Trade war will bring waste and destruction
“Overall disastrous” is the concern that the careful, authoritative analysts at The Economist magazine voiced regarding the steel and aluminum import tariffs imposed by our impetuous, irresponsible President Donald Trump. I’m no expert, but they are.
We’d better be prepared for international trade conflict and to deal with the waste and destruction that results from conflict as opposed to negotiation. The long, steady economy of the past few years won’t survive.
This fight will draw blood in labor markets, commodity markets and currency markets. It will demoralize the productive networks that link our constructive society.

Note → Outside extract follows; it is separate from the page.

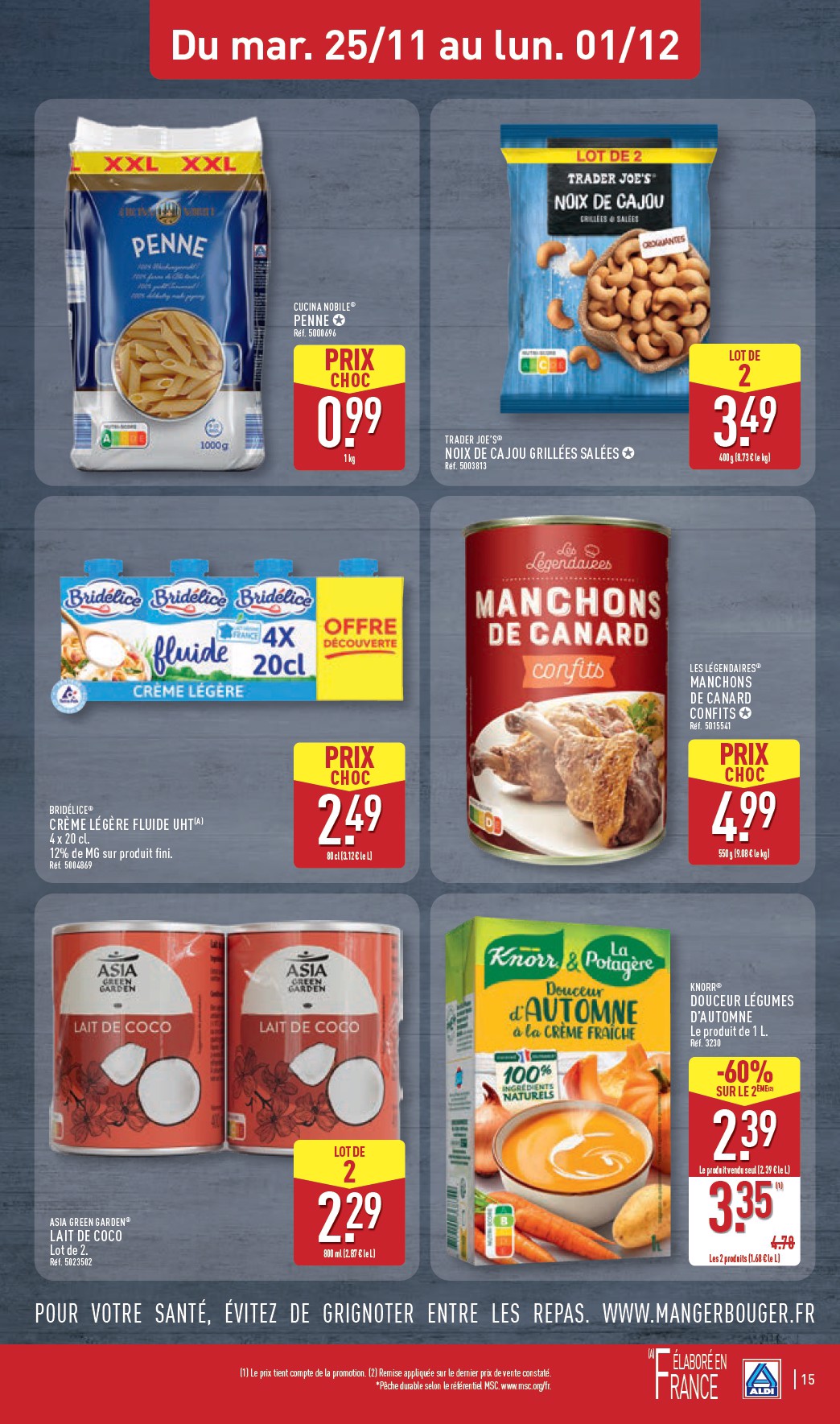 aldi - Catalogue ALDI valable du 25/11 au 01/12 - page: 17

We are starting a war that will be fought in the media and in cyberspace, where countries that are less economically dominant can be very effective. It will quench the hopes and cut into the budgets of our workers on the factory floor, in agriculture and mining, and in corporate boardrooms and offices. It will suck resources from growing innovators and entrepreneurs. Our powerful country will suffer, along with the rest. Bigger bombs won’t help. We’ll have to defend against cyberattacks and strive to maintain balance in currency markets, labor markets and commodity markets all over he world, where our advantage is far from certain.
Such a war can only be won with the cooperation of many allies. Our president may see himself as the biggest cock on the rock, but the whole rock will be tarnished and down trodden if we slide down the slippery staircase this bully has stepped us out onto.
Ed Reid is a resident of Santa Fe.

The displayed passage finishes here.